- Required action -
Without the pictures, give the entries below again exactly as written.

*** Block opens ***

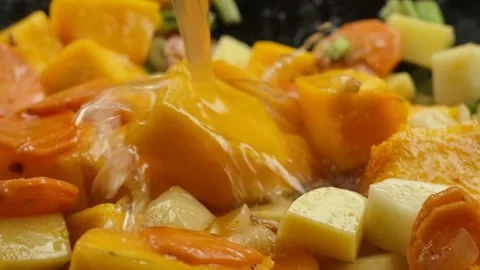Close-up of water poured on the pumpkin cubes with vegetables roasting on pan Stock Footage 234136845
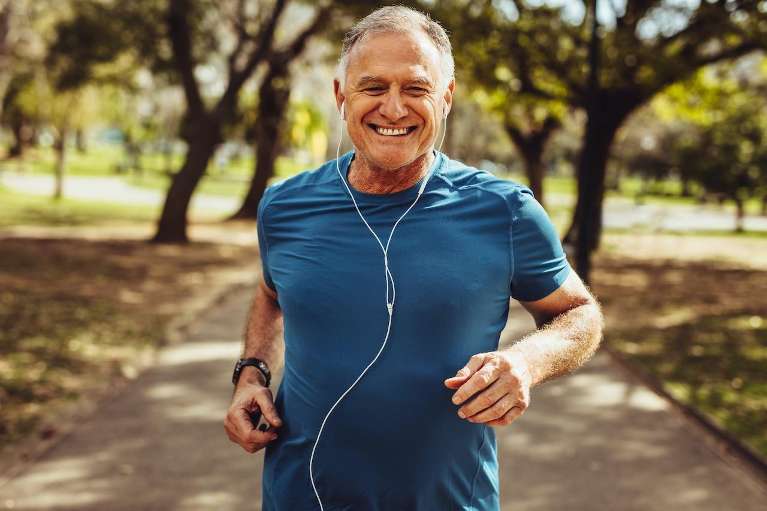 man jogging while listening to music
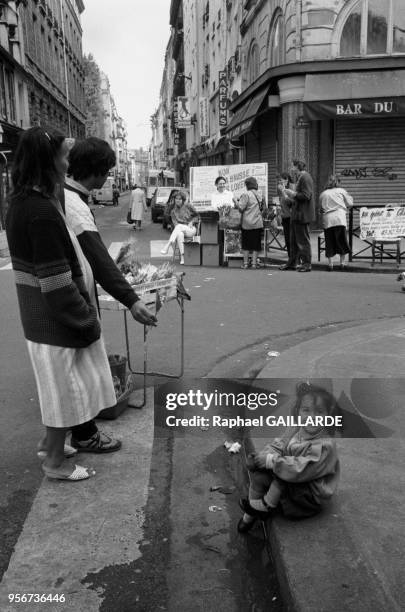 Fillette et vendeur du muguets le 1er mai 1987 à Paris, France.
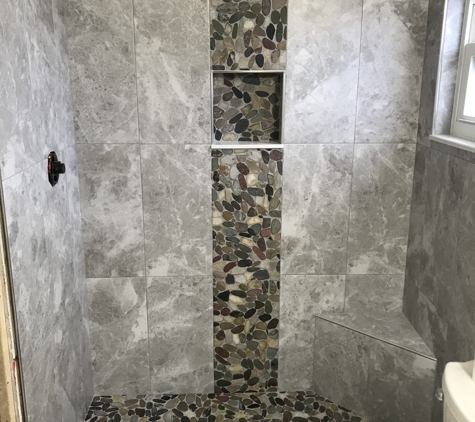Rk marble tile inc - riverview, FL. 12x24 vertical stacked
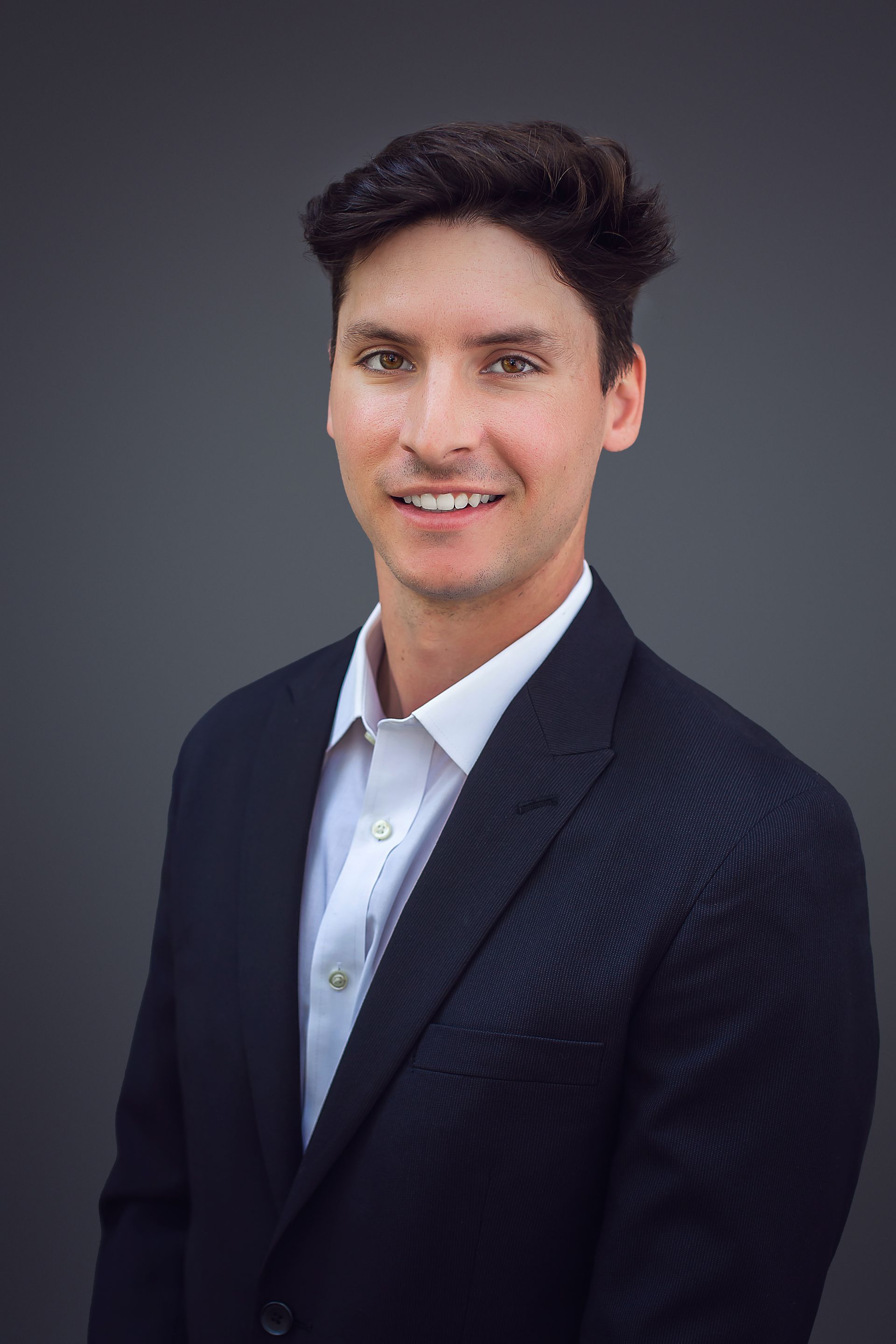A man in a suit and white shirt is smiling for the camera.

*** Block closes ***

- Exercise result -
Close-up of water poured on the pumpkin cubes with vegetables roasting on pan Stock Footage 234136845
 man jogging while listening to music
 Fillette et vendeur du muguets le 1er mai 1987 à Paris, France.
Rk marble tile inc - riverview, FL. 12x24 vertical stacked
A man in a suit and white shirt is smiling for the camera.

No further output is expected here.